Pelositheism, Redemption, And John Edwards

My friends may be aware that recent miracles have convinced me of the existence of an omniscient, omnipotent, omnibenevolent being. Accordingly, I have changed my Facebook religion status to "Pelositheism." And now it's time to talk about how a sinner can be redeemed.

Namely, John Edwards. Running for the Democratic nomination against excellent candidates like Hillary Clinton and Barack Obama while having an enormous skeleton in his closet was a really bad thing to do. I have no idea how to evaluate this counterfactual, but it's possible that with Edwards as our candidate we would've lost the 2008 election, leading to President McCain and a political landscape so much worse than the one we now inhabit that it takes some thinking to imagine.

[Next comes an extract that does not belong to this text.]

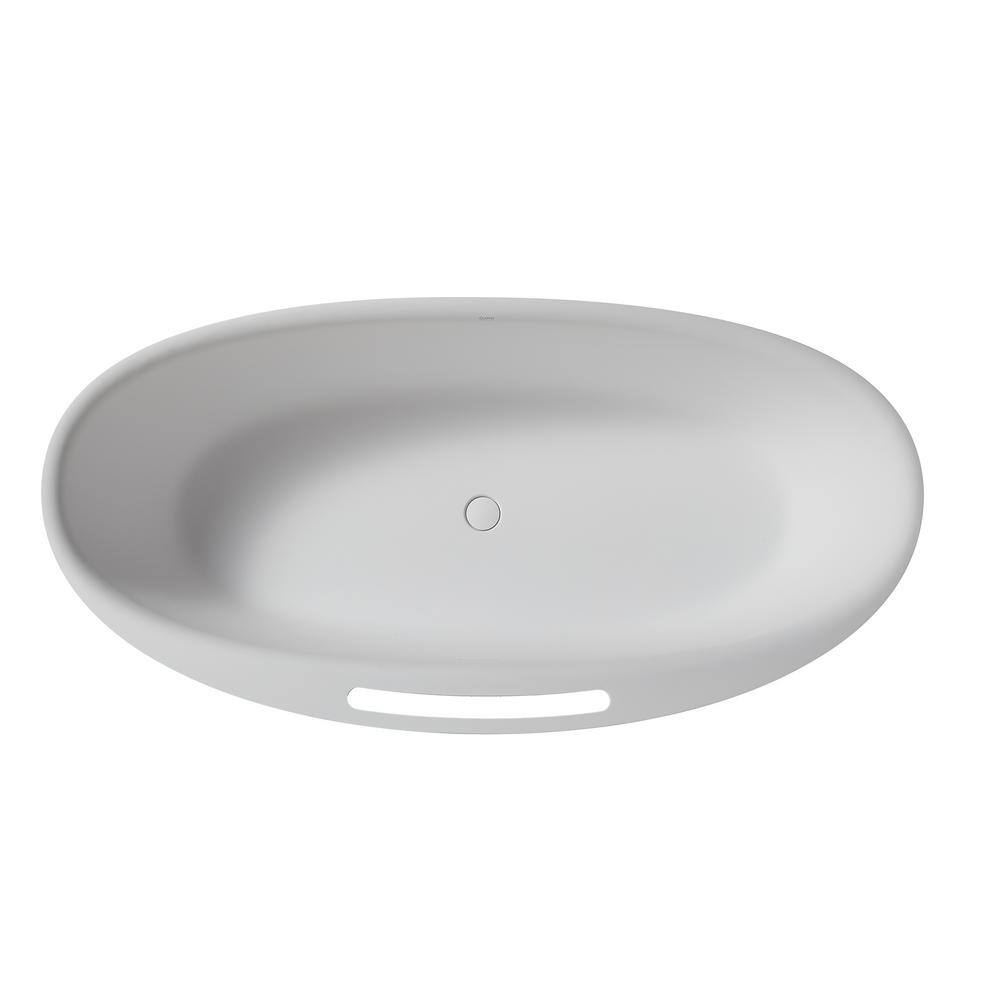 65'' White Fiberglass Freestanding Soaking Bathtub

What ended up happening was quite different. As Matt Yglesias outlines, John Edwards dramatically raised the price for progressive support on a variety of issues including health care reform. Candidates had to come out with similarly progressive plans or lose liberal interest groups to him. Hillary Clinton more or less copied his health care plan and vociferously defended the individual mandate against Barack Obama. While Clinton lost the primary, she won the argument. After Obama's victory, the Edwards plan, mandate and all, became the basic plan for reform.

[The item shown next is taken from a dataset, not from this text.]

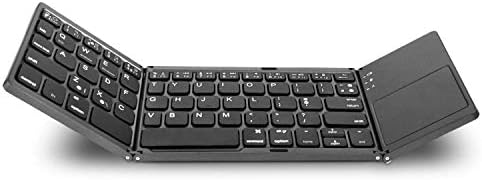 MUTANG Folding Keyboard, Mini Three System Universal Three Foldable with Touch Pad Rechargeable Portable Wireless Folding Bluetooth Keyboard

Given the way that his scandal erased him personally from politics, Edwards' significance in the history of America was to rise or fall with health care reform and a few other good lefty positions he advanced like aggressive action on climate change. All this, of course, would've come to nothing if comprehensive health care reform (to say nothing of climate change legislation) really had died in the wake of Scott Brown's victory in Massachusetts.

But you know as I do the story of the resurrection! In the end times, the House laid down with the Senate, while Diana DeGette and Bart Stupak huddled together. All this was by the grace of our Speaker's divine wisdom and inexorable will. It's because of her that health care reform will pass upon our nation.

There is no other reason that Edwards' entire political legacy hasn't fallen into the flames, than that Nancy Pelosi held him up. That she chose as she did doesn't make him any better or worse as a person. But anyone who tried to make a difference for health care reform will appreciate what the salvation of his contribution means. And that's why John Edwards is, as it could've been writ, a sinner in the hands of a merciful Goddess.